## What is required
Please set down only the lines from the one containing "新鮮な明るい葉で成長する若いマリファナブッシュの閉鎖 国内環境での大麻の栽培 成長の初期段階での大麻" through the end of the entries below, exactly, minus any pictures.

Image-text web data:
^^^^^^^^
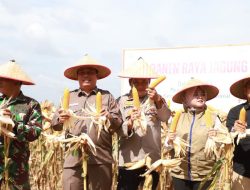 Wakil Bupati Tanjabbar Panen Jagung di Kecamatan Tebing Tinggi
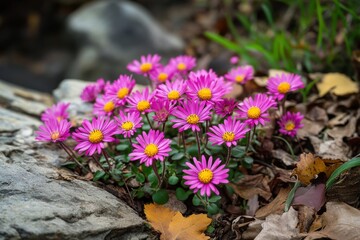 Cold season flora in natural landscapes showcasing resilience and beauty during winter months for nature enthusiasts and photographers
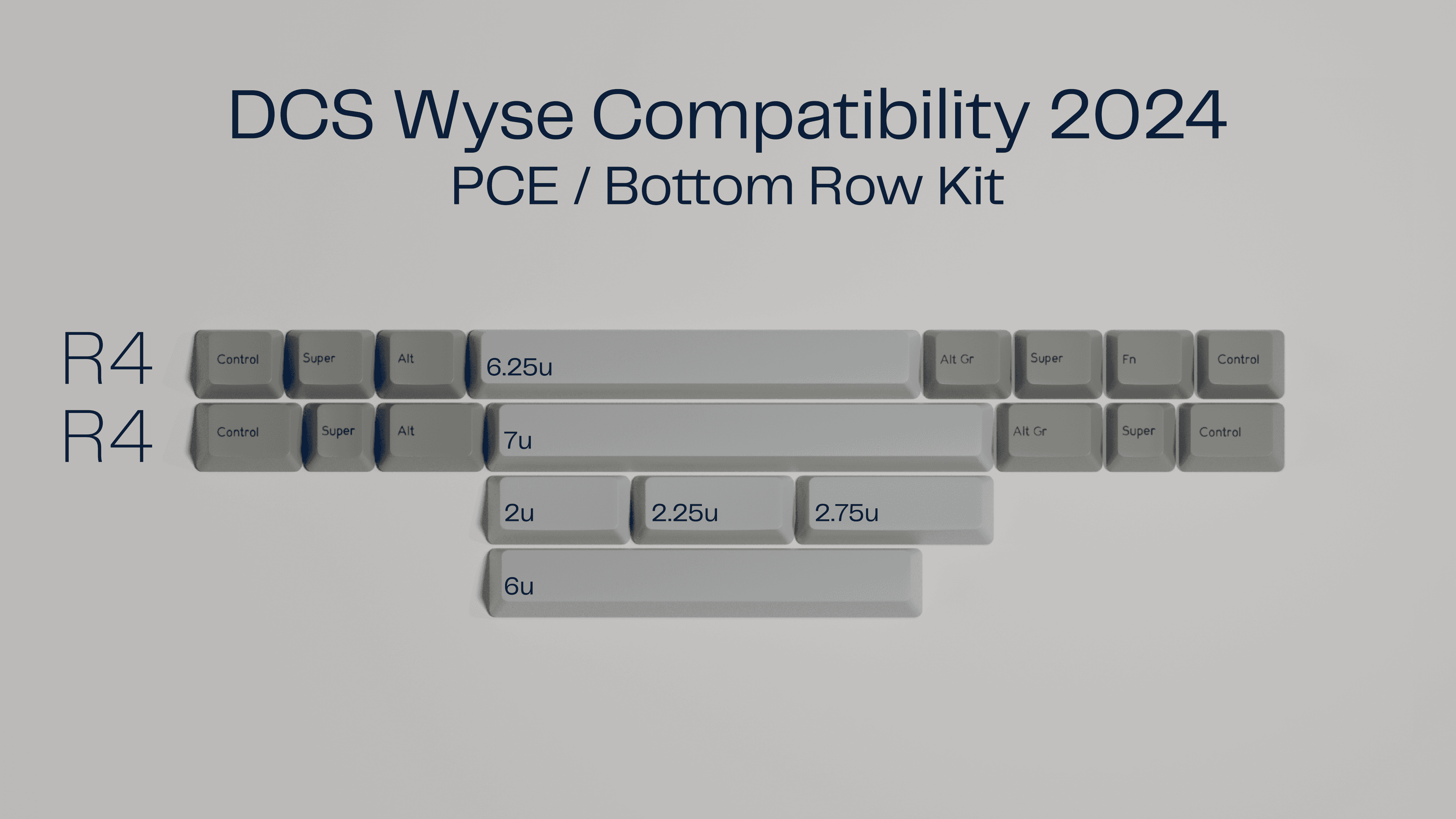 DCS Wyse Compatibility 2024 - ON HOLD image 2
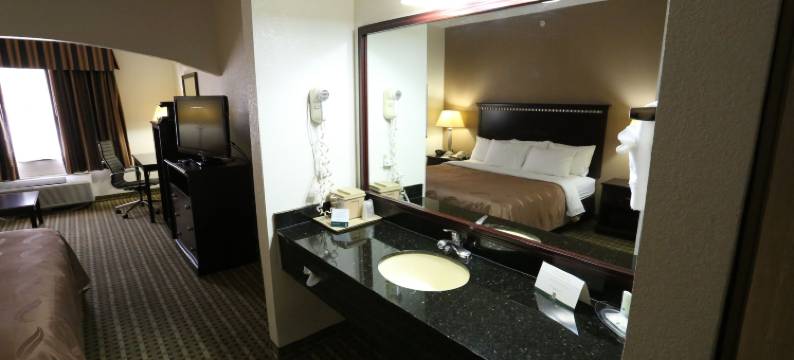 伯利森-沃斯堡品质酒店(Quality Suites, Ft Worth Burleson)图片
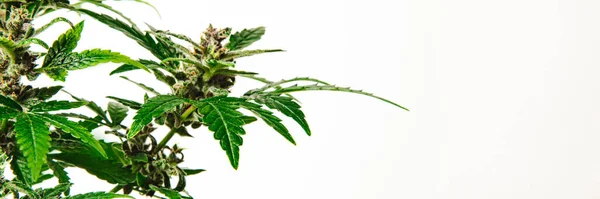 新鮮な明るい葉で成長する若いマリファナブッシュの閉鎖 国内環境での大麻の栽培 成長の初期段階での大麻 — ストック写真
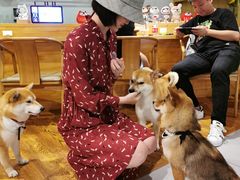 -柴务处·柴犬主题狗咖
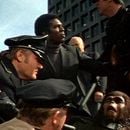 Foto La rebelión de los simios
^^^^^^^^
## Exercise output
 新鮮な明るい葉で成長する若いマリファナブッシュの閉鎖 国内環境での大麻の栽培 成長の初期段階での大麻 — ストック写真
 -柴务处·柴犬主题狗咖
 Foto La rebelión de los simios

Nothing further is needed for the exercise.